Melihat hal di atas, dapat dikatakan bahwa itu adalah merupakan sebuah pembaruan Abdurrahman Wahid yang mempertegas gerakan kultural dan gerakan kemasyarakatan yang lebih populer sekarang dengan sebutan membangun civil society yang bersifat komplementer dan mendukung sebuah Negara pancasila.[7]

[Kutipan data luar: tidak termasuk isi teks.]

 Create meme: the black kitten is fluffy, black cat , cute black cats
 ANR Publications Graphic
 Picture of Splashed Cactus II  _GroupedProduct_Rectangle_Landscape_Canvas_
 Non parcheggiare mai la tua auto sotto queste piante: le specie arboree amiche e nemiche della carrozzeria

D. The Prior Research on Topic
Dalam buku ini, Abdurrahman Wahid memberikan tiga kerangka keber-Islam-an yang patut kita apresiasi bersama secara serius dan mendalam terutama dalam menciptakan Islam yang damai. Pertama, islamku, yaitu keber-Islam-an yang berlandaskan pada pengalaman pribadi perseorangan. Sebagai sebuah pengalaman, pandangan keber-Islam-an seseorang tidak boleh dipaksakan (harus disamakan) kepada orang lain. Jika itu terjadi, maka akan mengakibatkan munculnya dislokasi pada orang lain yang pada akhirnya dapat “membunuh” keindahan dari pandangannya sendiri.

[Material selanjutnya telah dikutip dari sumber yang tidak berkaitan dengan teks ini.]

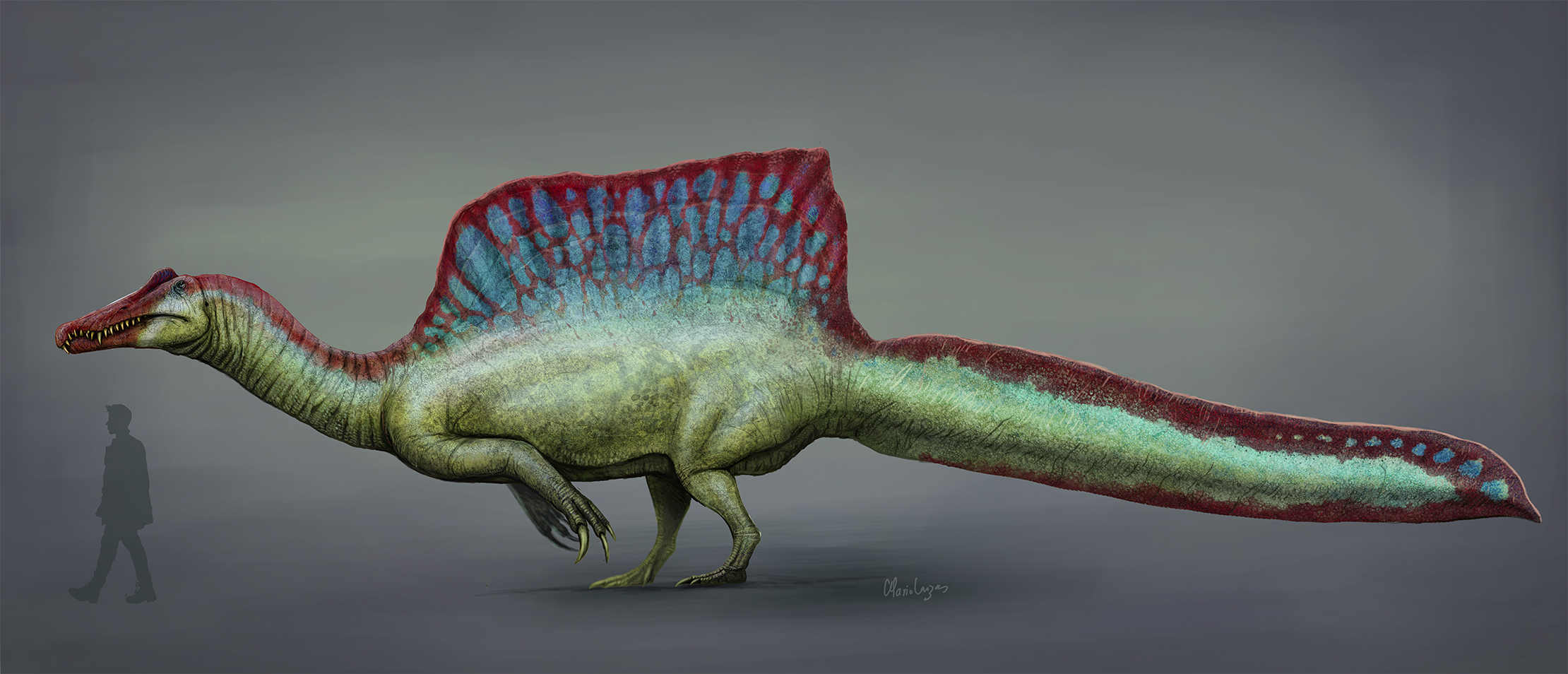 A detailed digital profile illustration of a Spinosaurus based on 2020 scientific reconstructions. The dinosaur is shown with a long, crocodilian-like snout, a large sail on its back with blue and red patterns, and a paddle-like tail. A silhouette of a human is included at the bottom left to show the dinosaur's massive scale.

Kedua, Islam anda, yaitu keber-Islam-an yang berlandaskan pada keyakinan. Dalam hal ini harus diakui bahwa setiap komunitas mempunyai keyakinan tersendiri terhadap beberapa hal tertentu. Pandangan kalangan NU bisa jadi berbeda dengan pandangan kalangan Muhammadiyah. Demikian sebaliknya. Namun perbedaan tersebut jangan sampai dijadikan alas an untuk saling menebar kekerasan di antara satu kelompok terhadap kelompok yang lain. Dengan kata lain, keyakinan kelompok tertentu harus dihormati dan dihargai dengan sepenuh hati.

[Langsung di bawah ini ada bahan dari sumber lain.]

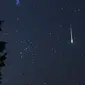 Hujan meteor perseid. Dok: NASA/Bill Dunford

Ketiga, Islam kita, yaitu keber-Islam-an yang bercita-cita untuk mengusung kepentingan bersama kaum muslimin. Abdurrahman Wahid menekankan pentingnya menerjemahkan konsep kebajikan umum sebagai jembatan untuk mengatasi problem Islamku dan Islam Anda.
E. The  Theoritical Framework/ Approach and Research Methodology
Dalam buku ini, kerangka teori atau metodologi pendekatan yang digunakan Abdurrahman Wahid adalah pendekatan empirik dalam melihat realitas keberislaman yang sesungguhnya berdasarkan pengalaman pengembaraan beliau selama bertahun-tahun. Sehingga menjadikan pemikiran beliau sering berlawanan atau kontroversial dengan kata lain lebih bersifat divergen. Hal ini berbeda dengan kebanyakan pemikir-pemikir lainnya yang lebih cenderung linier.
F. The Limitation and Key Assumptions
Setelah membaca buku ini hal yang menarik yang dapat diambil adalah bahwa Abdurrahman Wahid membuka cakrawala berpikir kaum muslim selama ini yang lebih menginginkan Islam lebih bersifat konstitusional bukan dipahami sebagai ajaran agama yang luhur atau dengan kata lain “Negara Islam” bukanlah suatu keharusan yang terpenting adalah bagaimana keberislaman seseorang yang dibentuk dari individu, keyakinan dan kepentingan bersama.

buku ini juga dapat mengantarkan kita kepada pemahaman Islam yang berbasis perdamaian, apalagi di tengah ketegangan yang terjadi antara dunia Barat dan dunia Islam saat ini. Konflik antar agama, serta konflik yang berbasis kepentingan politik. Karena itu, harapan untuk mengakhiri kekerasan harus senantiasa digaungkan setiap saat.
G. The Result of Research/The Conclusion
Kajian dalam buku Abdurrahman Wahid Islamku, Islam anda dan Islam kita dapat membawa umat beragama pada umumnya dan Islam pada khususnya terhadap pandangan yang menyatu yaitu kebersamaan tanpa ada diskriminasi baik dalam bentuk keyakinan beragama. Abdurrahman Wahid secara tegas menolak “Negara Islam”, di sini dapat kita simpulkan seandainya ada Negara Islam tentu ada agama lain yang mayoritas dengan sebutan Negara Kristen dan lain sebagainya. Ini akan membawa dampak bagi Islam yang minoritas.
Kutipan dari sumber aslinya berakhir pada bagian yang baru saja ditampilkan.